Under current law, once the parties finalize the negotiated forms, they must file these forms for approval by the Texas Department of Insurance. This process is cumbersome and often can discourage or delay the ability of large employers and insurers to implement these much-needed programs. Certain procedures in place have caused significant problems for insurers seeking to service this important market to assure retirement benefits continue for existing and retired employees of various plans.
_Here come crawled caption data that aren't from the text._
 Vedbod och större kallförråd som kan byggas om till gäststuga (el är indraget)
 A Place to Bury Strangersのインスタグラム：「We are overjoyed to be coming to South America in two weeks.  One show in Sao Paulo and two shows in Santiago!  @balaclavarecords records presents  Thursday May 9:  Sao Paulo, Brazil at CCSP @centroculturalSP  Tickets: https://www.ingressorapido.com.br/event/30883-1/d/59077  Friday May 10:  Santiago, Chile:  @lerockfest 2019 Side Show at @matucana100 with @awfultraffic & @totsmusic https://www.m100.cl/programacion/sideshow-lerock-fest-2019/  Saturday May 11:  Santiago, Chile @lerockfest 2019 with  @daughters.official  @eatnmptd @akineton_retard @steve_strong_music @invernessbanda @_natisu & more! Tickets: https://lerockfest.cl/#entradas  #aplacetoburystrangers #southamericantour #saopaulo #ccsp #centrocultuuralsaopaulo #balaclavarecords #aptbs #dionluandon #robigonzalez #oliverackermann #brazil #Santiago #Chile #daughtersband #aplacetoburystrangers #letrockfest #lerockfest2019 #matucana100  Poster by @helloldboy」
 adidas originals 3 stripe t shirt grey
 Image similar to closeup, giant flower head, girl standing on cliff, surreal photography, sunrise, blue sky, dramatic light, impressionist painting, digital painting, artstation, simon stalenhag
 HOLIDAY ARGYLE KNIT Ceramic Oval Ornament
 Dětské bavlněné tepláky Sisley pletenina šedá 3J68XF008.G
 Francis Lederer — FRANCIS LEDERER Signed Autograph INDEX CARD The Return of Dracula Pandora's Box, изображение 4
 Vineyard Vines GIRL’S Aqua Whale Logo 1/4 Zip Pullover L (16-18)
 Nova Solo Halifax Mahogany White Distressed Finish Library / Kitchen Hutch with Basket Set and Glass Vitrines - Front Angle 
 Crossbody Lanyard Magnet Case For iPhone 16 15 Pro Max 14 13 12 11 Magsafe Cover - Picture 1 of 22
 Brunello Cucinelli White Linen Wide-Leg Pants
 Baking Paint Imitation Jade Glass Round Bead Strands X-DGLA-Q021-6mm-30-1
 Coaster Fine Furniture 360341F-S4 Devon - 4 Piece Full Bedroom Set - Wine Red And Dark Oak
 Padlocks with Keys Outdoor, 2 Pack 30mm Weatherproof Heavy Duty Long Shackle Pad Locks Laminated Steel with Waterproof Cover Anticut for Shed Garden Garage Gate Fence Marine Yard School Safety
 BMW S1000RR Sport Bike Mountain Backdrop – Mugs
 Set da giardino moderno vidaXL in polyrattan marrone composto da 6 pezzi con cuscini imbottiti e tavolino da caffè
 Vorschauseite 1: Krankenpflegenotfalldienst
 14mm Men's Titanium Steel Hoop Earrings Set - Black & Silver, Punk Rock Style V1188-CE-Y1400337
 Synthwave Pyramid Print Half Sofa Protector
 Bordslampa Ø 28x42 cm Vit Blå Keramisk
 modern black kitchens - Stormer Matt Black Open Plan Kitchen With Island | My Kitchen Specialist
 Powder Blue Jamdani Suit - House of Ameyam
H.B. 1587 seeks to modernize the state's regulatory approach to the use by insurance companies of separate accounts in connection with life insurance and annuities to ease these burdens.

 

Key Provisions:

 

Support

 

H.B. 1587 amends current law relating to the use by insurance companies of separate accounts in connection with life insurance and annuities and certain other benefits.

 

RULEMAKING AUTHORITY

 

This bill does not expressly grant any additional rulemaking authority to a state officer, institution, or agency.

 

SECTION BY SECTION ANALYSIS

 

SECTION 1. Provides that the legislature declares the intent of this Act is to be consistent with:

 

(1) uniform laws of the various states in which the approval of a separate account and of the investments and reserves in a separate account is performed by the domiciliary state; and

 

(2) recent legislative enactments designed to modernize insurance regulation by exempting certain large commercial-type policy forms from regulatory filing and approval.

 

SECTION 2. Amends Section 1152.055, Insurance Code, as follows:

 

Sec. 1152.055. GUARANTEED BENEFITS AND MONEY RESTRICTION FOR SEPARATE ACCOUNTS. Prohibits a domestic insurance company, rather than an insurance company, from maintaining a reserve for a benefit guaranteed as to dollar amount and duration or funds guaranteed as to principal amount or stated rate of interest in a separate account except with the commissioner of insurance's approval and under conditions for investments, and other matters, that recognize the guaranteed nature of the benefits provided and that are prescribed by the Texas Department of Insurance.

 

SECTION 3. Amends Subchapter A, Chapter 1701, Insurance Code, by adding Section 1701.006, as follows: 

 

Sec. 1701.006. EXEMPTION FOR CERTAIN GROUP ANNUITY TRANSACTIONS. (a) Provides that the filing and approval requirements in Chapter 1701 (Policy Forms) do not apply to any group annuity policy, certificate, or contract written or issued by an insurer authorized to engage in the business of insurance in this state that involves use of a separate account if benefits would also have guarantees from an insurer's general account.

 

(b) Provides that, for the purposes of this section, a group annuity policy, certificate, or contract, includes a single premium group annuity policy, certificate, or contract that is negotiated between an insurer and an applicable group or plan sponsor.

 

SECTION 4. Effective date: upon passage or September 1, 2023.